Então tinha chegado o mês de junho.
E aquela mesa de quatro cadeiras estava maior do que nunca. Mais vazia, mais gelada, mais corroída pelo tempo e pelos arrependimentos.
Tudo estava vazio. O silêncio e o frio machucavam.
Lembrou-se da primeira vez que chegaram àquele bar recém-inaugurado. Tudo tinha cheiro de novo. A cerveja tinha um gosto diferente. Ficar bêbado naquela mesa, os quatro amigos juntos, era um sinal de louvor à vida que estava começando.
Tinham apenas dezoito anos quando surgiu a proposta de um pacto. Daqueles que ninguém acha que um dia vai cumprir.
Sempre que um dos quatro morresse, os outros se reuniriam na noite seguinte, naquele bar, naquela mesa, pra fazer um brinde ao falecido.
E outras noites houveram, e tantas histórias, e tantas agonias, e tantas alegrias e tanta coisa que acontece todo dia na vida de todo mundo.
Então, quando tinham vinte anos e o inverno estava começando, um caminhão na estrada jogou pra fora da estrada e da vida o primeiro dos amigos. O mais alegre, o mais animado. O que tinha mais medo de morrer.
E ele foi embora e uma cadeira ficou vazia.
E os três amigos então se reuniram e misturaram cerveja e conhaque àquela dor que ninguém conhecia nem poderia explicar.
Então naquela noite de dor formou-se um casal na mesa do bar. Ela sempre foi apaixonada pelo amigo que morreu. Doía saber que parara de respirar sem saber isso. Tentou dizer bem baixinho, no velório, esperando inconsientemente que esboçasse alguma reação mas não. Uma vida inteira de chances tinha acabado.
E procurou nos ombros do amigo um consolo e achou muito mais.

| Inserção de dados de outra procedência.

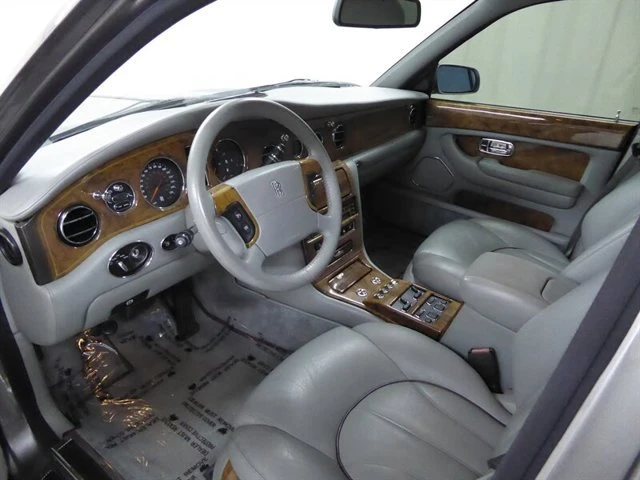 1999 Rolls-Royce Silver Seraph - Image 16 of 20
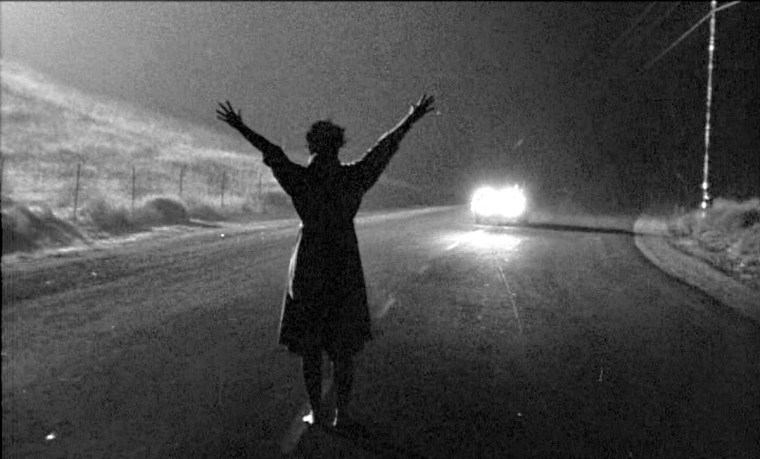 Kiss Me Deadly (1955)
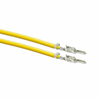 Jumper Wires, Pre-Crimped Leads - 0039000040-06-Y2-D-ND - DigiKey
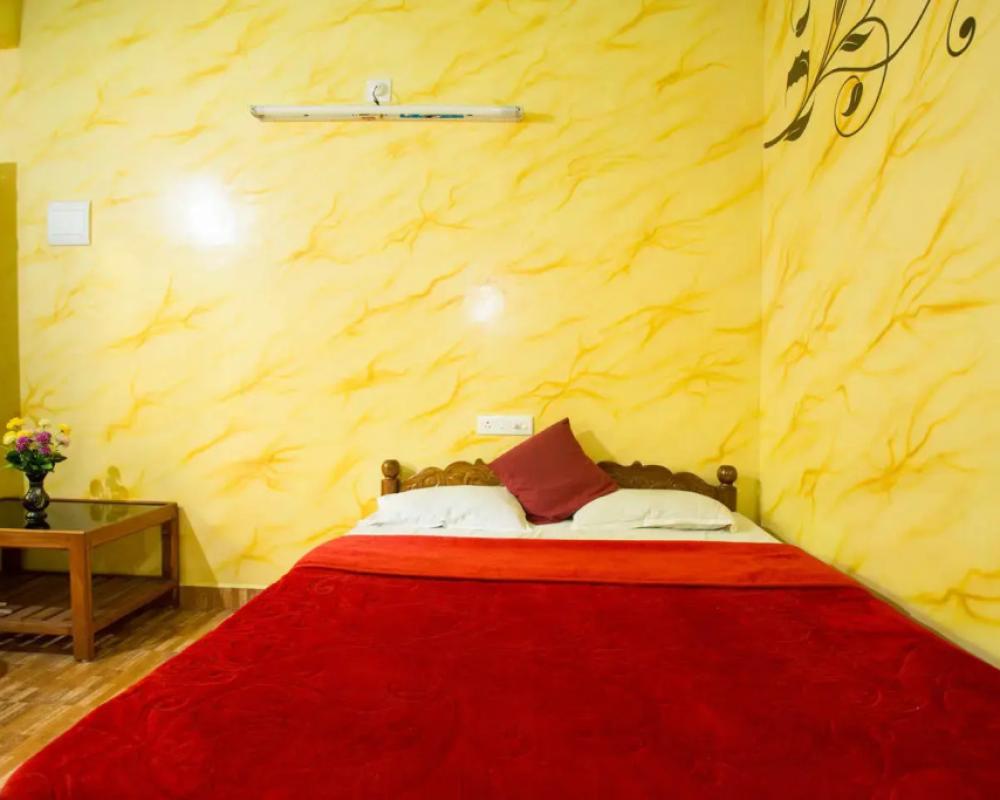 WIND VALLEY HOMESTAY Guest House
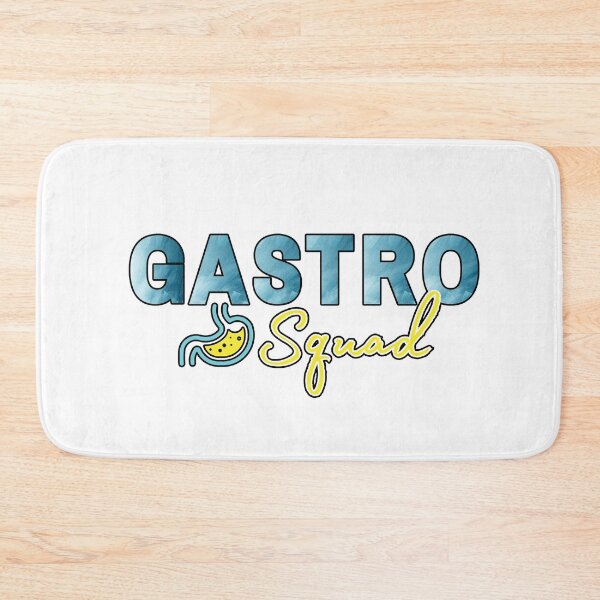 Item preview, Gastro Squad (Gastroenterologist Gift) designed and sold by i-longmanshop.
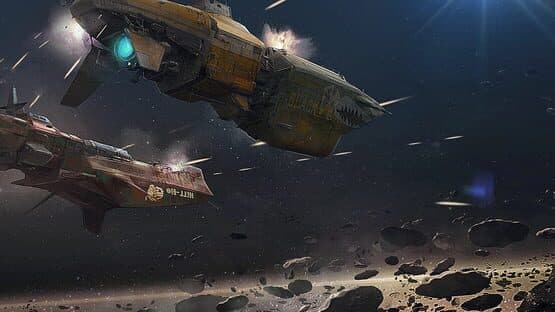 Beyond Good & Evil 2 artwork 7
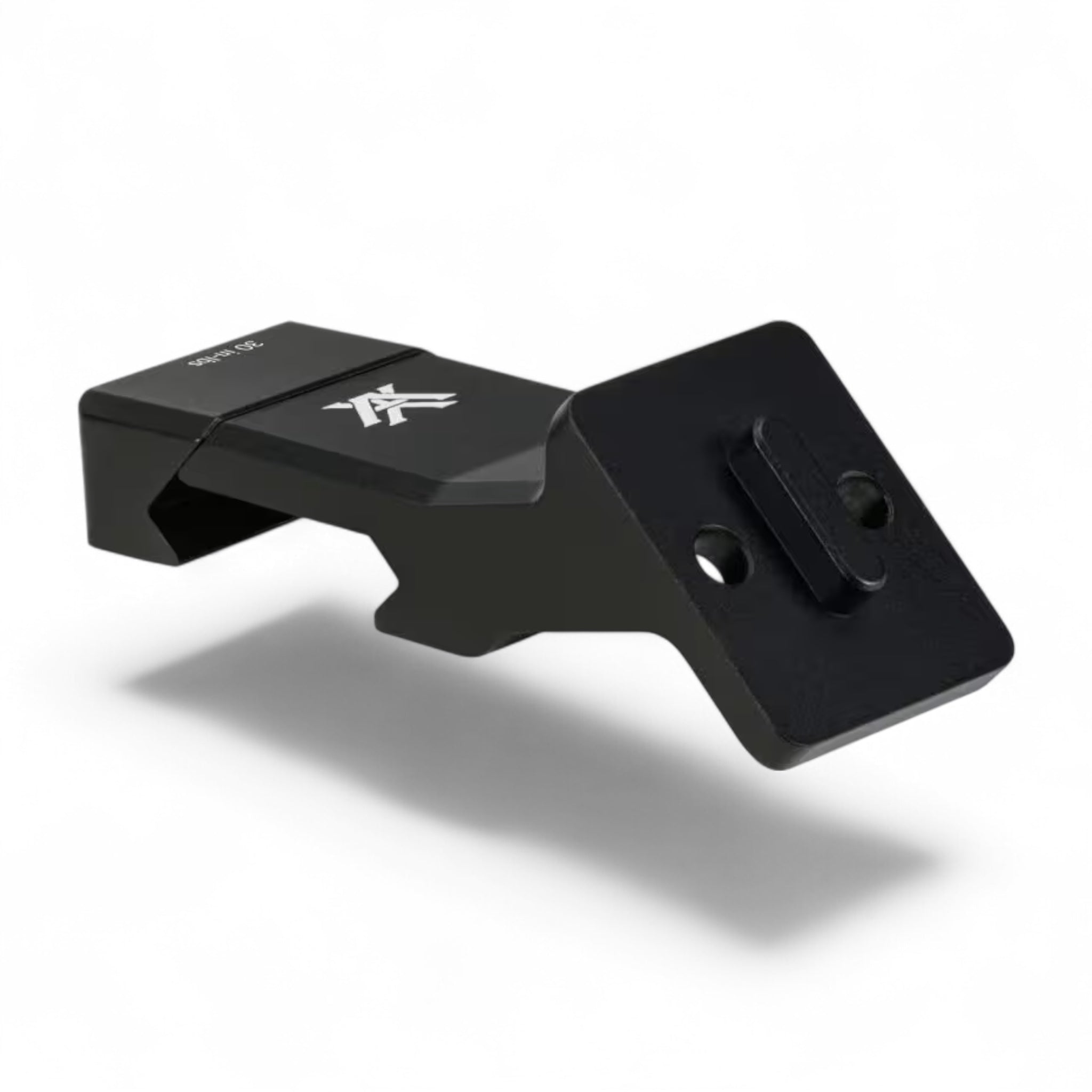 Vortex Pro 45 Grad Offset Picatinny Mount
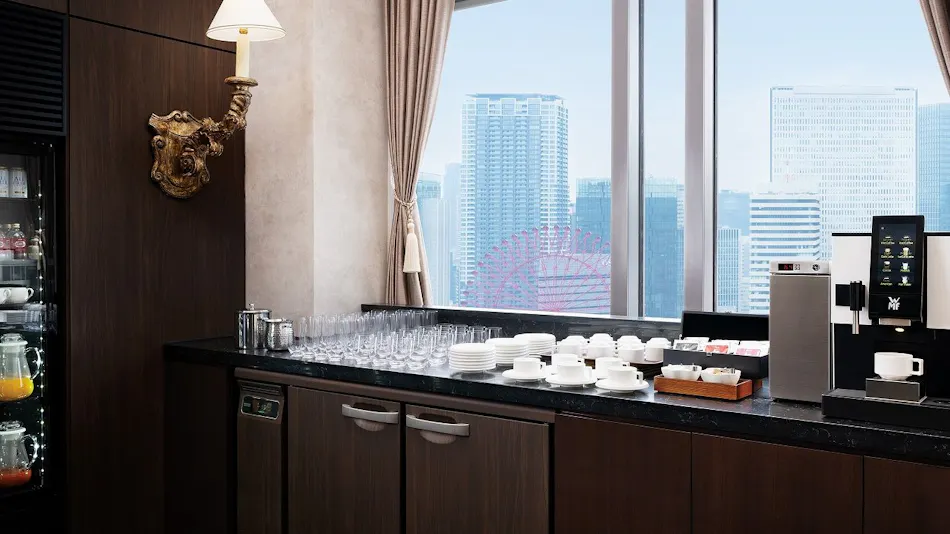 Hotel Hankyu International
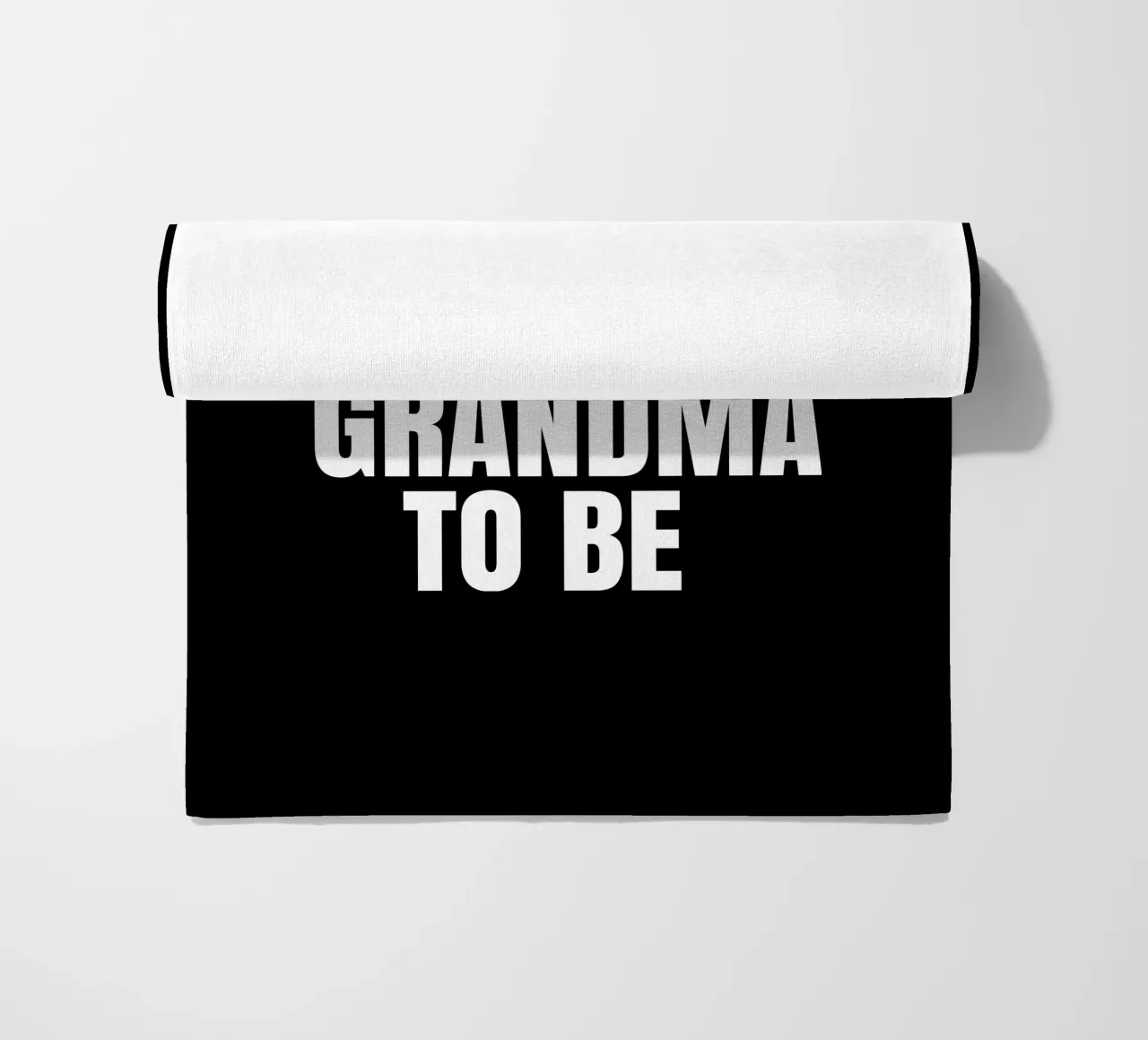 Proud and happy grandma to be telo mare da happieeagle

A dor demorou a passar mas ela sabia que ela podia dizer o quanto o amava o quanto quisesse.
Então passou o inverno e chegou o verão e trouxe o frio de novo.
E levou o segundo amigo embora. A segunda cadeira vazia.
Ele tinha vinte e um anos e descobriu que tinha uma doença que ninguém saberia qual era porque esse segredo foi digerido com os comprimidos para dormir.
O casal, agora mais casal e mais unidos e mais um só do que nunca, tentava encontrar uma explicação. Tentava convencer um ao outro que deveria haver um tratamento, não importava qual fosse a doença.
E naquela noite de junho o casal brindou ao amigo suicida com uma garrafa de tequila e milhares de dúvidas no fundo de cada copo.
Mas ainda tinha um ao outro e duas cadeiras vazias na mesa. E a idéia mais presente de que sempre estamos caminhando pra algo incerto, que o destino do homem é sempre uma mesa vazia e histórias pra lembrar de quem já foi embora e não teve tempo ou ânimo pra dizer adeus.
Então chegou o verão e decidiram se casar.
Então chegou o outono e ela descobriu que estava grávida.
Então chegou o inverno e a bala perdida.
Estavam na rua, falando sobre o frio e sobre a alegria de um bebê que iria chegar na primavera.
E falavam sobre o nome do filho, que se fosse menino teria duas opções de nome que seriam tiradas no par ou ímpar.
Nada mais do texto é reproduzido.